REST APIとGraphQLの概要
Web APIの設計において、REST(Representational State Transfer)とGraphQLは現在最も広く使われている2つのアーキテクチャです。どちらもHTTPを通じてクライアントとサーバーがデータをやり取りするための仕組みですが、設計思想と特性が大きく異なります。適切な選択がシステムの保守性・パフォーマンス・開発効率に直結するため、違いを正確に理解することが重要です。
REST APIの特徴
RESTはRoy Fieldingが2000年の論文で提唱したアーキテクチャスタイルです。リソース(データの塊)をURLで表し、HTTPメソッドで操作を行うという直感的な設計が特徴です。
RESTの主な設計原則
- 統一インターフェース:リソースはURLで一意に特定され、HTTPメソッドで操作を表現する
- ステートレス:各リクエストは独立しており、サーバーはセッション状態を保持しない
- キャッシュ可能:GETリクエストのレスポンスはHTTPキャッシュに乗せられる
- 階層化システム:CDNやロードバランサーなどの中間レイヤーを挿入できる
RESTのメリット
- シンプルで学習コストが低く、エコシステムが成熟している
- HTTPキャッシュをそのまま活用でき、CDNとの相性が良い
- ブラウザの標準機能(Fetch API)で扱いやすい
- 各エンドポイントを独立してスケールしやすい
RESTのデメリット
- オーバーフェッチ:クライアントが不要なデータも含む大量のデータを受け取ることがある
- アンダーフェッチ:1画面のデータ取得に複数回のリクエストが必要になることがある
- エンドポイントが増えると管理が複雑になる
GraphQLの特徴
GraphQLはFacebookが2012年に社内開発し2015年にオープンソース化したAPIのクエリ言語およびランタイムです。クライアントが「何のデータが欲しいか」を宣言的に指定できるため、過不足なくデータを取得できます。
GraphQLの主な特徴
- クライアント主導のデータ取得:必要なフィールドだけを指定してリクエスト
- 単一エンドポイント:すべての操作を1つのURLに集約(通常 /graphql)

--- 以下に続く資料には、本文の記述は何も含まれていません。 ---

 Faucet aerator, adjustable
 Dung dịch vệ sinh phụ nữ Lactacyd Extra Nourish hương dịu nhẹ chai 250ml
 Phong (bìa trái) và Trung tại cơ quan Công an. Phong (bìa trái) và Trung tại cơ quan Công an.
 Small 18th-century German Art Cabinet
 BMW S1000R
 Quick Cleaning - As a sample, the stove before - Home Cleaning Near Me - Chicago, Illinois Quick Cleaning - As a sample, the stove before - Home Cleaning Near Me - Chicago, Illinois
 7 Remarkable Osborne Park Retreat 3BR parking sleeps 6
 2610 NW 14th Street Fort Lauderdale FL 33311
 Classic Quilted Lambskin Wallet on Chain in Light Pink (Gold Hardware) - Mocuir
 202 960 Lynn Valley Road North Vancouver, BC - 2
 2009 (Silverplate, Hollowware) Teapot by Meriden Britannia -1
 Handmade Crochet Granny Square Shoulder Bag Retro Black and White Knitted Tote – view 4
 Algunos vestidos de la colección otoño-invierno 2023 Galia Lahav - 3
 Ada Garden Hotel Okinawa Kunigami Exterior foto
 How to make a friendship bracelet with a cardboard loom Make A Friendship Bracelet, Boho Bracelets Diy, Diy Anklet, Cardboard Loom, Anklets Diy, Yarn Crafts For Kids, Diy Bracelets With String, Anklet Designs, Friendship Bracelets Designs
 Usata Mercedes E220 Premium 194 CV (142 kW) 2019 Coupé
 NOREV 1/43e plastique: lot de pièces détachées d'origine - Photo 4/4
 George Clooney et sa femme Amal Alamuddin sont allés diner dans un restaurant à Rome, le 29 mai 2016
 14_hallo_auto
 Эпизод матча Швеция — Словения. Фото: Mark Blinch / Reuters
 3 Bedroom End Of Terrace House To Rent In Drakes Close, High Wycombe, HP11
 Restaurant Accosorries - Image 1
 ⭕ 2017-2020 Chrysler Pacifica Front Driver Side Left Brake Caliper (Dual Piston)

- 強力な型システム:スキーマ定義言語(SDL)で型を厳密に定義
- イントロスペクション:APIの構造をAPI自身に問い合わせられる
GraphQLのメリット
- オーバーフェッチ・アンダーフェッチの解消
- フロントエンドとバックエンドの独立した開発が進めやすい
- スキーマが自己文書化の役割を果たす
- Subscriptionでリアルタイム更新も実現可能
GraphQLのデメリット
- HTTPキャッシュが使いにくい(すべてのリクエストがPOSTになるため)
- N+1問題への対策(DataLoader等)が必要
- 学習コストが高く、エラーハンドリングがREST比で複雑
- ファイルアップロードの扱いが煩雑
REST APIとGraphQLの比較表
| 観点 | REST API | GraphQL |
|---|---|---|
| エンドポイント | リソースごとに複数 | 原則1つ(/graphql) |
| データ取得 | サーバー定義の構造 | クライアント指定可能 |
| キャッシュ | HTTPキャッシュ活用しやすい | クライアントキャッシュが主流 |
| 型安全性 | OpenAPIで補完可能 | スキーマで強制 |
| 学習コスト | 低い | 中〜高い |
| リアルタイム | WebSocket等別手段が必要 | Subscriptionで対応 |
どちらを選ぶべきか
REST APIが向いているケース
- シンプルなCRUD操作が中心のサービス
- CDNキャッシュを活用したいコンテンツ配信
- チームのGraphQL習熟度が低い場合
- サードパーティ向けのパブリックAPI
GraphQLが向いているケース
- モバイルアプリで通信量を最小化したい場合
- 複数のデータソースを1つのAPIに集約したい(BFFパターン)
- フロントエンドチームが多様な画面要件を持つ場合
- 型安全なAPI開発を推進したい場合
実装例:同じ機能をREST・GraphQLで比較
ユーザー情報と投稿リストを同時に取得する場合、RESTでは2回のリクエスト(GET /users/1 と GET /users/1/posts)が必要になることがありますが、GraphQLなら1回のクエリで必要なフィールドだけを取得できます。特に画面に表示するデータが複雑になるほど、GraphQLの利点が際立ちます。
まとめ
REST APIとGraphQLはどちらが優れているという優劣関係ではなく、それぞれの特性と用途が異なります。シンプルで広く普及したREST APIは多くのケースで堅実な選択肢です。一方、複雑なデータ取得要件や多様なクライアントをサポートする場合はGraphQLが真価を発揮します。プロジェクトの特性・チームのスキルセット・長期的な保守性を総合的に判断して選択しましょう。